The experiment is cpu2000 best score out of 3 runs on A-72 of a firefly device.
A better score is positive.

spec2000-164.gzip0.03%
spec2000-175.vpr-0.66%
spec2000-177.mesa0.28%
spec2000-179.art-0.96%
spec2000-181.mcf-0.98%
spec2000-183.equake-0.86%
spec2000-186.crafty0.06%
spec2000-188.ammp-0.62%
spec2000-197.parser-0.61%
spec2000-252.eon-0.05%
spec2000-253.perlbmk0.47%
spec2000-254.gap-0.68%
spec2000-255.vortex0.04%
spec2000-256.bzip2-0.75%
spec2000-300.twolf2.30%

Those numbers look very different from the ones before. Is r332482 making this less profitable somehow? Or is the change all noise?

Those numbers look very different from the ones before. Is r332482 making this less profitable somehow? Or is the change all noise?

I'll have to take a closer look at these CPU2000 results, but in proprietary benchmarks this change is still beneficial.

evandro set the repository for this revision to rL LLVM.May 24 2018, 2:16 PM
evandro commandeered this revision.May 24 2018, 2:22 PM
evandro edited reviewers, added: sebpop; removed: evandro.

Since @sebpop has just left for a deserved vacation, he asked me to babysit his pending patches.

evandro updated this revision to Diff 148487.May 24 2018, 2:25 PM

Update test case to keep it from failing due to this change.

Those numbers look very different from the ones before. Is r332482 making this less profitable somehow? Or is the change all noise?

I'll have to take a closer look at these CPU2000 results, but in proprietary benchmarks this change is still beneficial.

It's come down to noise. CPU2000 just lacks enough C++ code where this change has shown to be more beneficial. Again, in proprietary benchmarks, this change has yielded aggregate improvement around 1% overall and just shy of 5% in a few cases.

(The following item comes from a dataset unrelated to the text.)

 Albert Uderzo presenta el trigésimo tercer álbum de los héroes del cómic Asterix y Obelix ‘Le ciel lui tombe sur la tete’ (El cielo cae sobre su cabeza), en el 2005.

efriedma added inline comments.May 25 2018, 10:31 AM
llvm/test/CodeGen/AArch64/arm64-memset-to-bzero.ll
4

This change doesn't make any sense to me; what are you trying to do?

evandro added inline comments.May 25 2018, 11:26 AM
llvm/test/CodeGen/AArch64/arm64-memset-to-bzero.ll
4

This test doesn't seem to expect that any string function is inlined, so I added -mattr=+strict-align to prevent this.

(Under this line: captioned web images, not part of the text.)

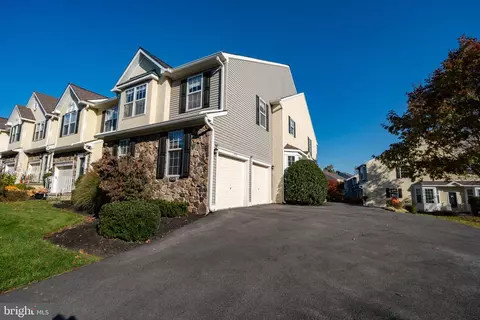 3905 Tall Oaks Ln, Newtown Square, PA 19073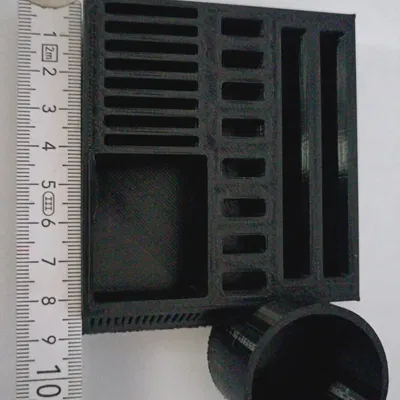 Giá đỡ USB và thẻ nhớ với khe để kẹp giấy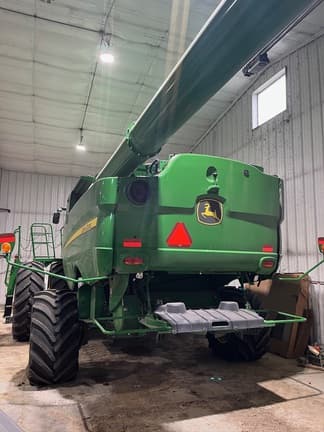 Image of John Deere S790 equipment image 2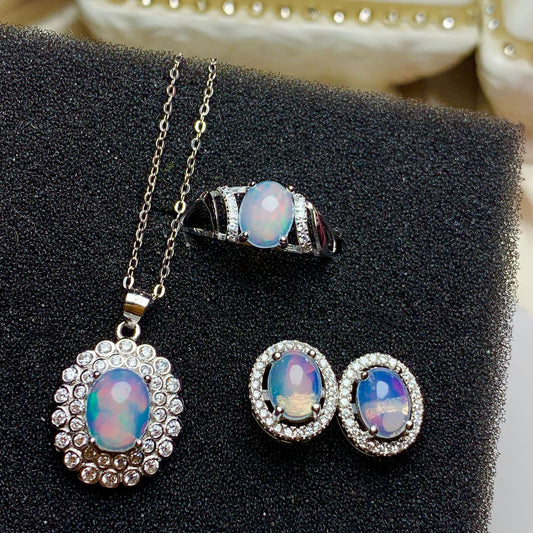Colored Gems Jewelry 925 Silver Inlaid Opal Suit Fashionable, Simple And Elegant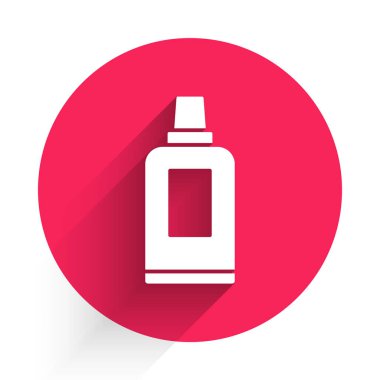 Çamaşır deterjanı, çamaşır suyu, bulaşık deterjanı ya da uzun gölgeli başka bir temizlik ikonu için beyaz plastik şişe. Kırmızı daire düğmesi. Vektör.
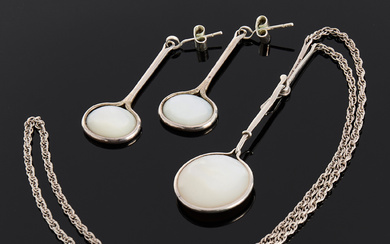 VIVIANNA GRANDCHILD BABY-HUBE. Necklace with pendant and earrings, 1 pair, sterling silver, pendants in abalone and white mother-of-pearl, own workshop.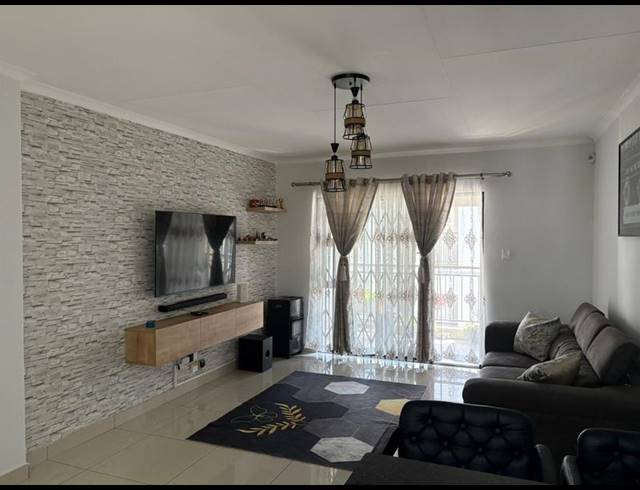 2 BEDROOM TOWNHOUSE FOR SALE IN CRYSTAL PARK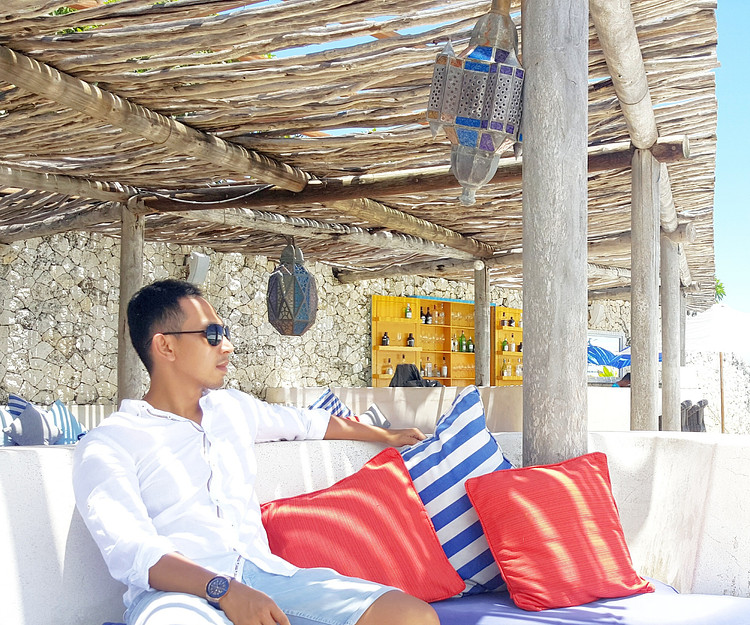 looking for travel partner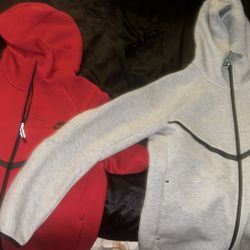 Nike techs for sale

efriedma added inline comments.May 25 2018, 11:44 AM
llvm/test/CodeGen/AArch64/arm64-memset-to-bzero.ll
4

Those two aren't related...? I mean, yes, it has the right effect, but that's just a coincidence. Please mark the functions optsize instead.

evandro added inline comments.May 25 2018, 11:58 AM
llvm/test/CodeGen/AArch64/arm64-memset-to-bzero.ll
4

<facepalm>Of course!</facepalm>

evandro updated this revision to Diff 148670.May 25 2018, 2:22 PM
evandro retitled this revision from [AArch64] fix PR32384: bump the number of stores per memset/memcpy to [AArch64] Fix PR32384: bump up the number of stores per memset and memcpy.
evandro edited the summary of this revision. (Show Details)
evandro set the repository for this revision to rL LLVM.

Include the solution found in D47349.

efriedma added inline comments.May 25 2018, 2:30 PM
llvm/lib/Target/AArch64/AArch64ISelLowering.cpp
586

Useless comment.

llvm/lib/Target/AArch64/AArch64ISelLowering.h
243 ↗(On Diff #148670)

No-op change?

evandro updated this revision to Diff 148673.May 25 2018, 2:35 PM
evandro marked 2 inline comments as done.
This revision is now accepted and ready to land.May 25 2018, 2:37 PM
This revision was automatically updated to reflect the committed changes.